At trial, the State sought to establish the essential element of an "unlawful act" by proving that Mr. Baird had criminally defamed his daughter in violation of RSA 644:11, I, by purposely communicating to others information which he knew to be false and knew would tend to expose the child to public hatred, contempt or ridicule…. Mr. Baird's own admission concerning his motivation for having the copies disseminated also was presented to the jury to aid in proving the retaliation element of the offense….
[T]he defendant insists that the State failed to establish the requisite underlying unlawful act of criminal defamation, specifically claiming that it failed to prove that the statements made by Mr. Baird, alluding to his daughter's willingness to have sexual relations with anyone who telephoned her and requested them, were known by him to be false. In response, the State argues that this issue was not adequately preserved for appeal and should therefore not be entertained by the court at this time. Alternatively, it is the State's position that the evidence presented at trial was sufficient to prove Mr. Baird's guilt beyond a reasonable doubt….
While it is true that the prosecution was unable to present to the jury any direct evidence of the defendant's state of mind concerning his knowledge of the falsity of the second portion of the note's contents, it did provide the jurors with ample circumstantial evidence, excluding "all other rational conclusions" to justify their determination that Mr.
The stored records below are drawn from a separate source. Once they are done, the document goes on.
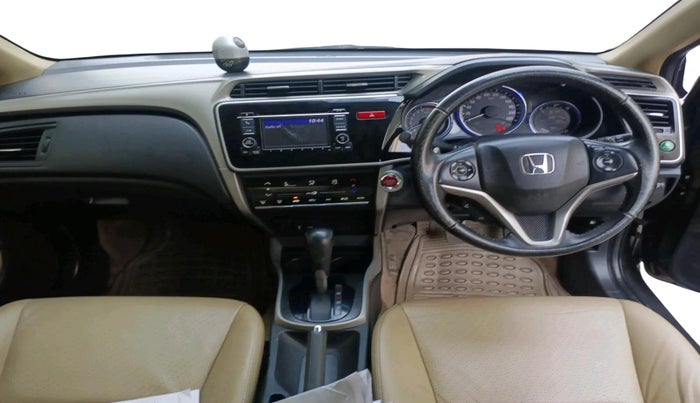 2016 Honda City 1.5L I-VTEC VX CVT, Petrol, Automatic, 28,774 km, interior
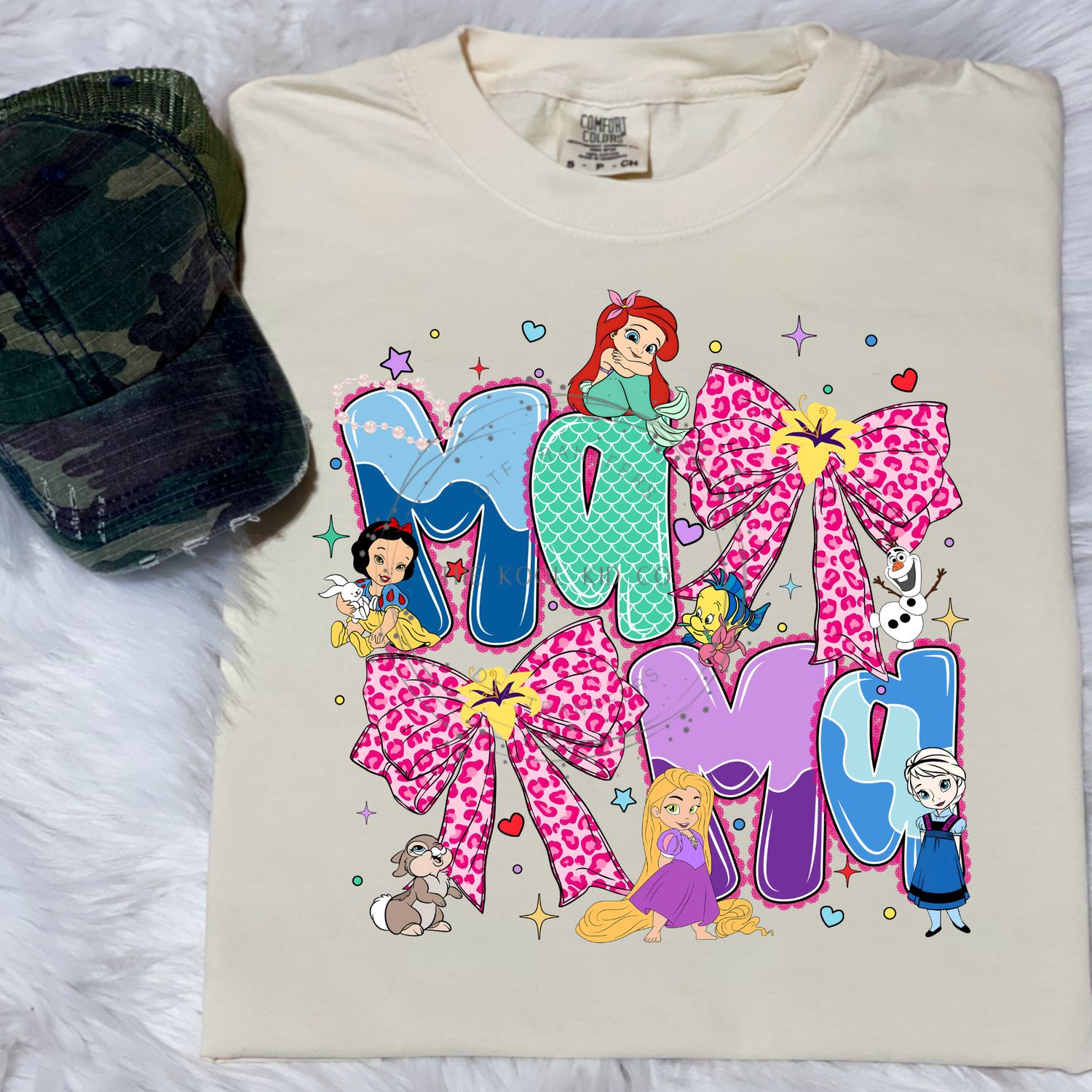 Princess Mama Coquette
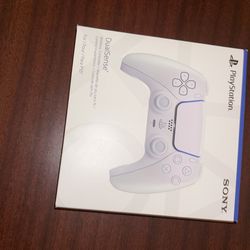 PlayStation five dual sense controller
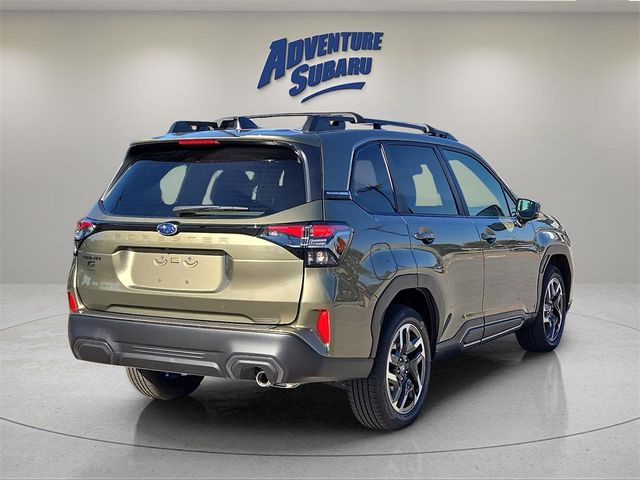 2025 Subaru Forester Limited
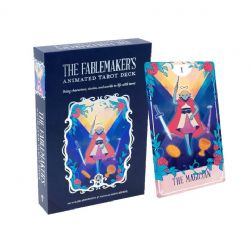 THE FABLEMAKER'S ANIMATED TAROT -  BOX SET (ENGLISH) -  ACCESSORY 5E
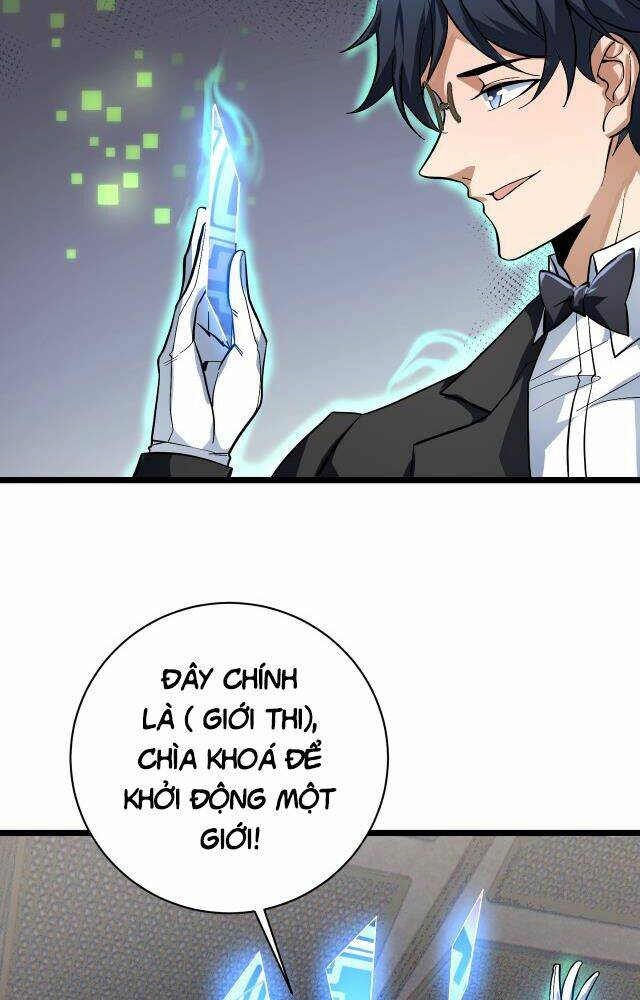 vạn vật hợp nhất chapter 11 69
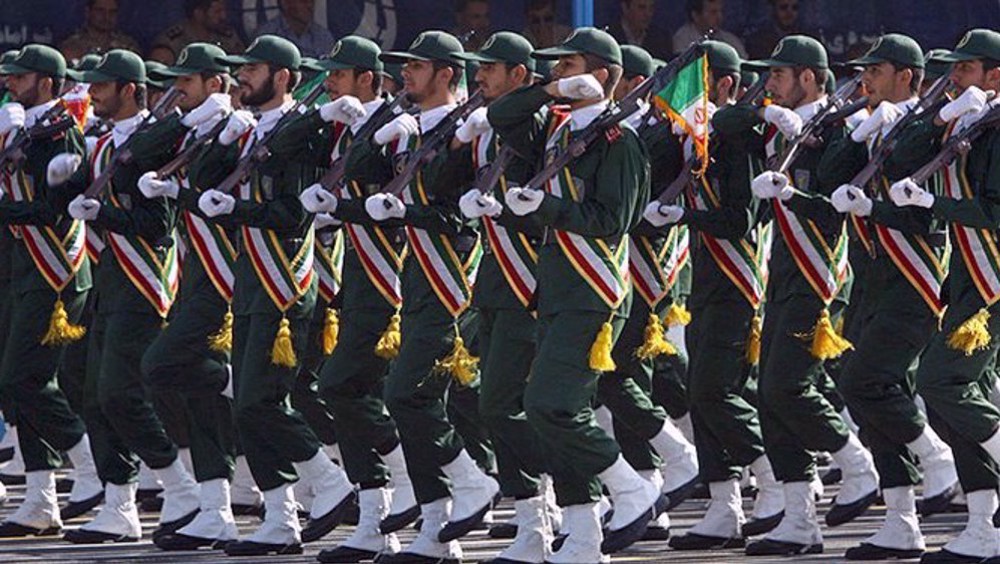IRGC intelligence forces dismantle terrorist team in southeastern Iran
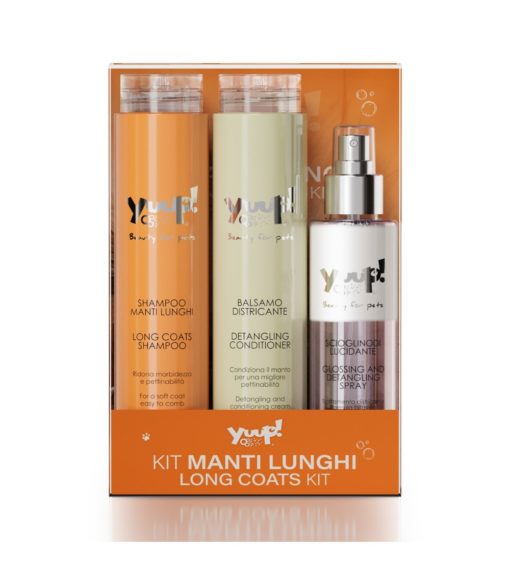 Yuup! Long Coats Kit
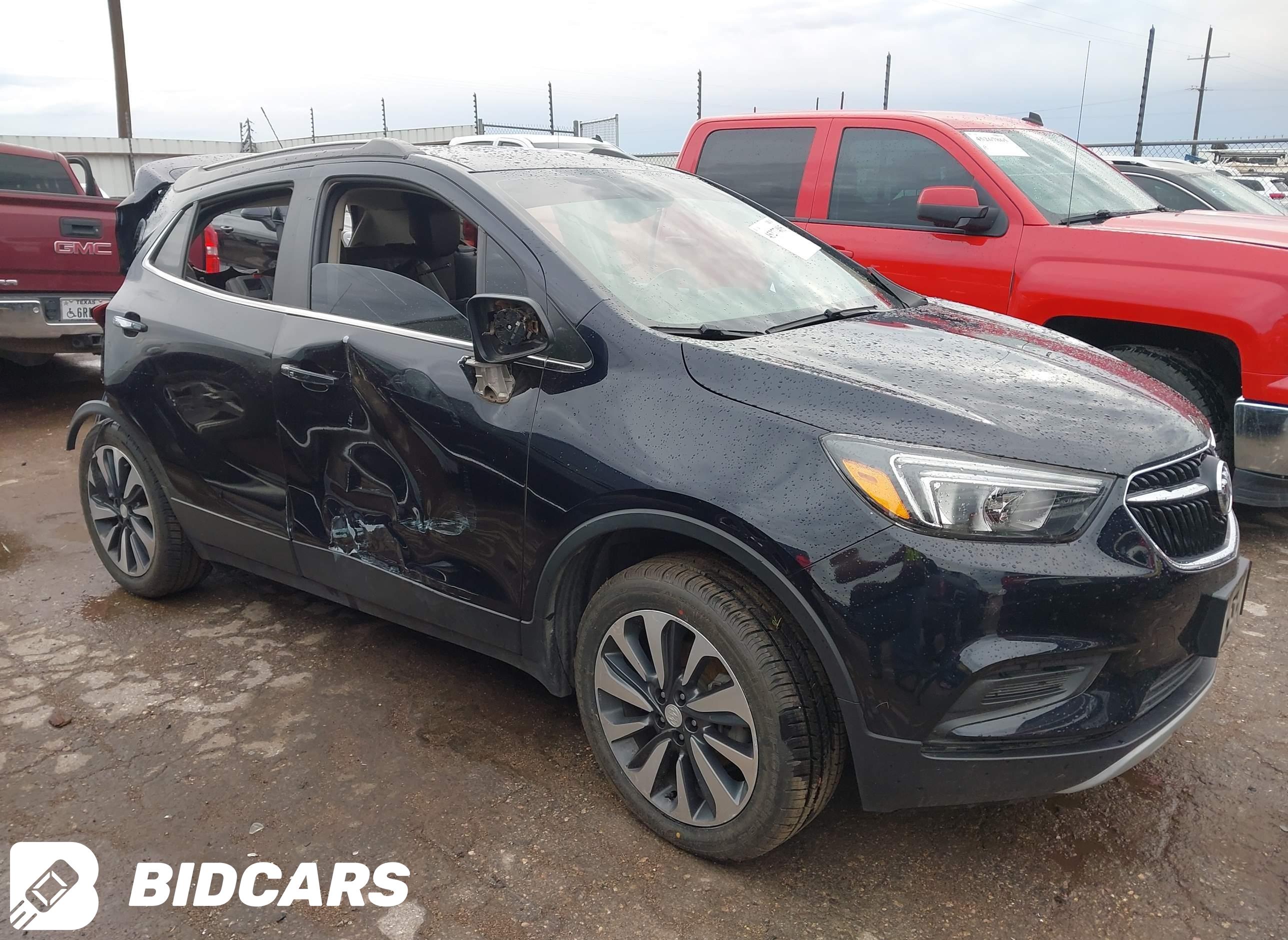 2021 Buick Encore, Awd Preferred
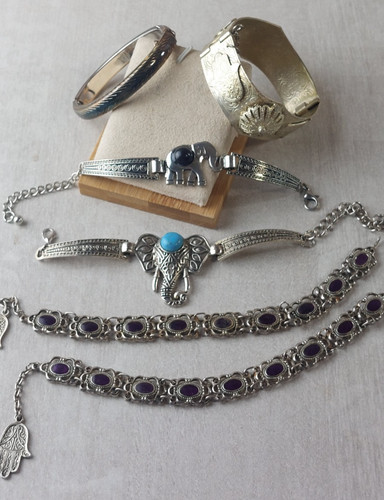 Lot bijoux fond - lot, /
Baird knew the statements made by him were untrue. First of all, the record indicates that the defendant's daughter was only thirteen years old at the time the offending copies were distributed. She was in sixth grade and did not maintain an active social life. In fact, as the defendant well knew, she was not allowed to date boys and, except for spending time with a girl friend, did not socialize during the week. A reasonable jury could conclude on the basis of this evidence alone that the defendant knew his statement to be false.
The conclusion was further supported, however, by the daughter's own testimony that, if she had received a telephone call following up on the note's suggestion, she would not have complied with the request. The jury, having had the opportunity to assess the daughter's demeanor and credibility at trial, clearly believed her testimony and could justifiably infer from that testimony that her father, who shared a home with his daughter for thirteen years, knew that she would not wish to engage in sexual intercourse with random individuals who telephoned her.
Finally, the jury knew that this child had been sexually abused at the hands of her father and that she had sought help, risking disruption of her life and alienation from her family, by reporting the incident to authorities. The jurors could reasonably infer that the girl, willing to endure the additional trauma of accusing her father in order to insure that the unwanted sexual contact would cease, did not welcome her father's sexual advances and would not welcome those of strangers, and that her father knew this.
"[R]eviewing courts should defer to the jury's determination unless no reasonable person could have come to that conclusion." In this case, based on the totality of the evidence presented, we hold that a reasonable jury could infer that the defendant knew that his statements regarding his thirteen-year-old daughter's willingness to engage in sexual intercourse with anyone who responded to the note were untrue.